- **WHAT THE EXERCISE ASKS**
Set every line of the data down again exactly, and keep the pictures out.

- **DATASET EXCERPT**
-- Opening Marker --

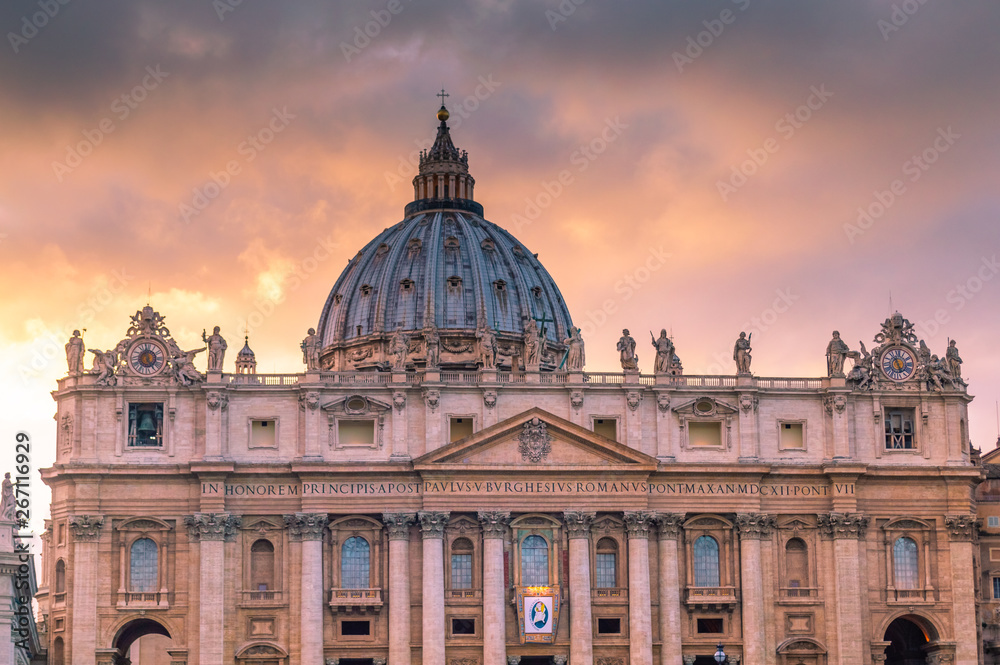 Beautiful sunset over St. Peter Basilica, Vatican, Rome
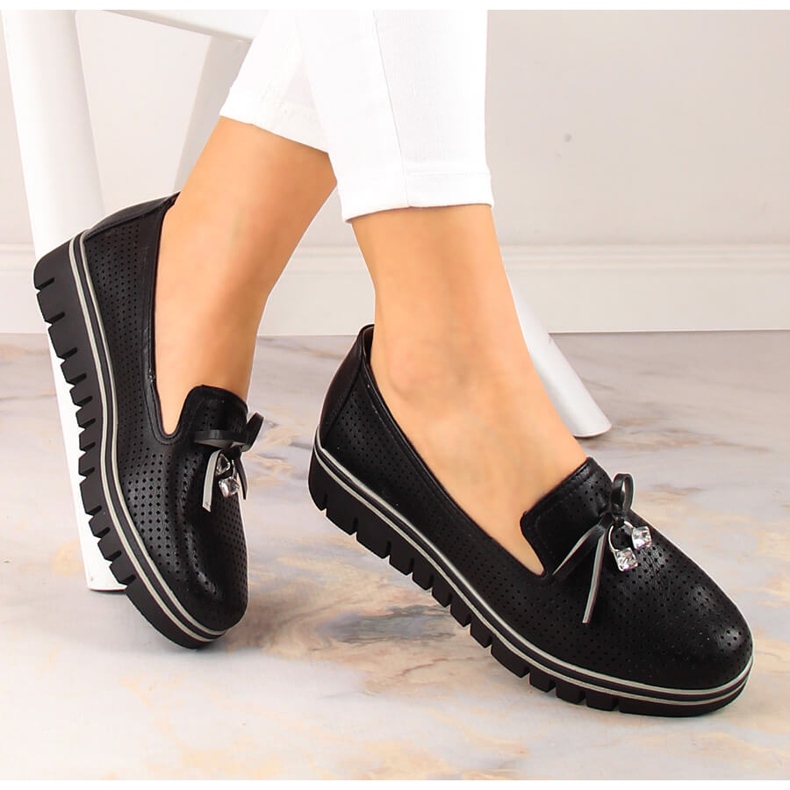 Women's openwork black platform shoes Jezzi RMR2268-2 1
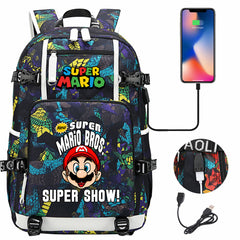 Super Mario USB Charging Backpack School NoteBook Laptop Travel Bags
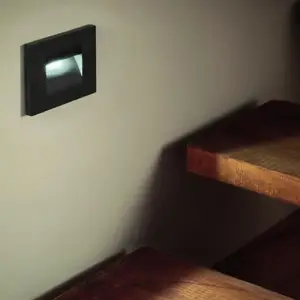 Balise LED saillie 3W 220V 120° Noire IP44 pour Escalier - Blanc Neutre 4000K - 5500K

-- Closing Marker --

- **FINISHED EXERCISE**
 Beautiful sunset over St. Peter Basilica, Vatican, Rome
 Women's openwork black platform shoes Jezzi RMR2268-2 1
 Super Mario USB Charging Backpack School NoteBook Laptop Travel Bags
 Balise LED saillie 3W 220V 120° Noire IP44 pour Escalier - Blanc Neutre 4000K - 5500K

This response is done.